# Axioms of a homomorphism

1. Sep 24, 2011

### Ted123

1. The problem statement, all variables and given/known data

Let $\mathfrak{g}$ be a lie algebra over $\mathbb{C}$ and $\mathfrak{h}$ be an ideal of $\mathfrak{g}$.

Show that the map $\pi : \mathfrak{g} \to \mathfrak{g/h}$ defined by $\pi (x) = x + \mathfrak{h}$ for all $x\in\mathfrak{g}$ satisfies all the axioms of a homomorphism of lie algebras (called the canonical homomorphism).

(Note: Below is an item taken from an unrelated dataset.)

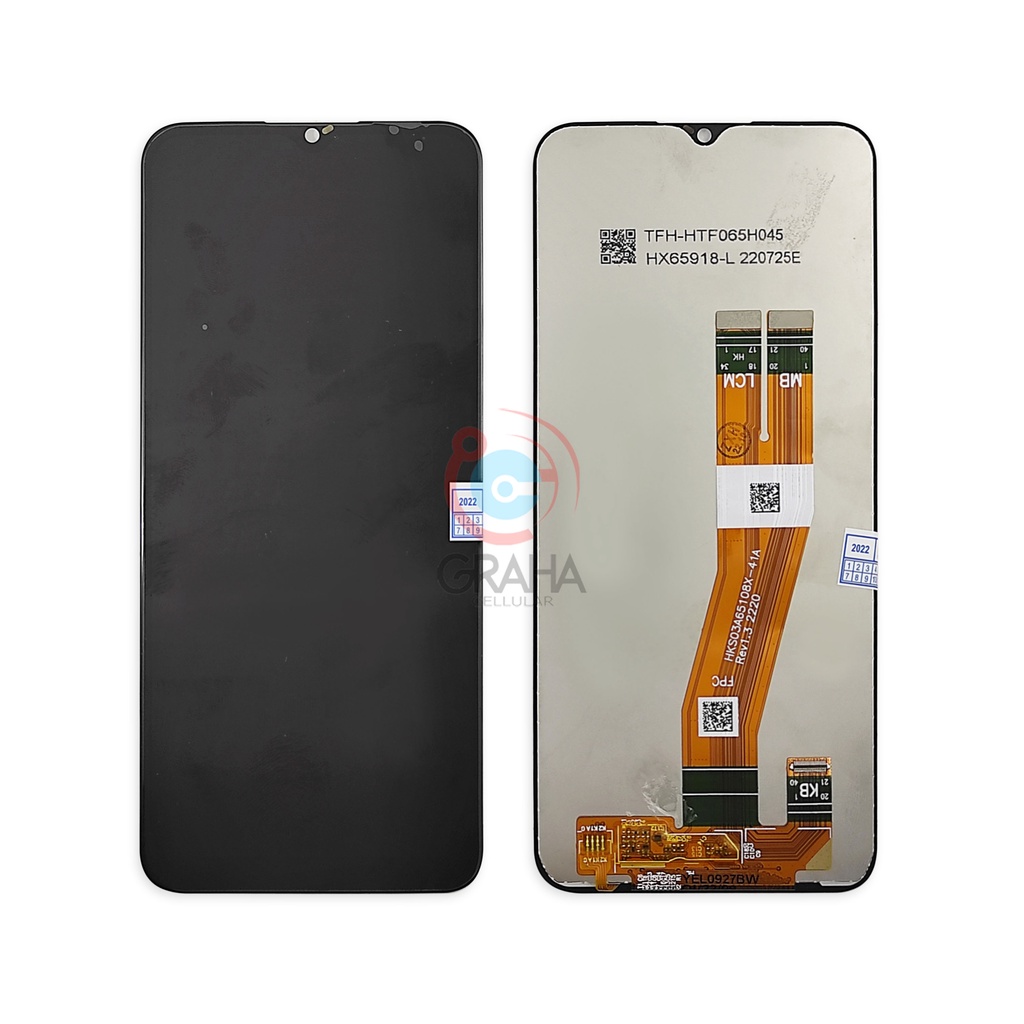 LCD SAMSUNG A03S / A037 FULLSET TOUCHSCREEN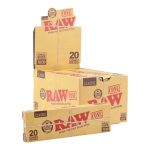 RAW | Pre-Rolled Cones | 20 Ct Pack - Image 2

3. The attempt at a solution

$\pi$ is linear:

For all $x,y\in\mathfrak{g}$ we have $$\pi (x+y) = (x+y)+\mathfrak{h} = (x+\mathfrak{h}) + (y+\mathfrak{h}) = \pi (x) + \pi (y)$$
If $\alpha\in\mathbb{C}$ then $$\pi (\alpha x) = \alpha x + \mathfrak{h} = \alpha (x + \mathfrak{h}) = \alpha \pi (x)$$
Furthermore, $$\pi ([x,y]) = [x,y] + \mathfrak{h} \stackrel{\stackrel{\mathfrak{h}\,\text{an ideal}}{\downarrow}}{=} [x,y] + [x,\mathfrak{h}] + [\mathfrak{h},y] + [\mathfrak{h},\mathfrak{h}] = [x+\mathfrak{h}, y+\mathfrak{h}] = [\pi (x),\pi (y)]$$
Are these all the axioms I need to check?

Last edited: Sep 24, 2011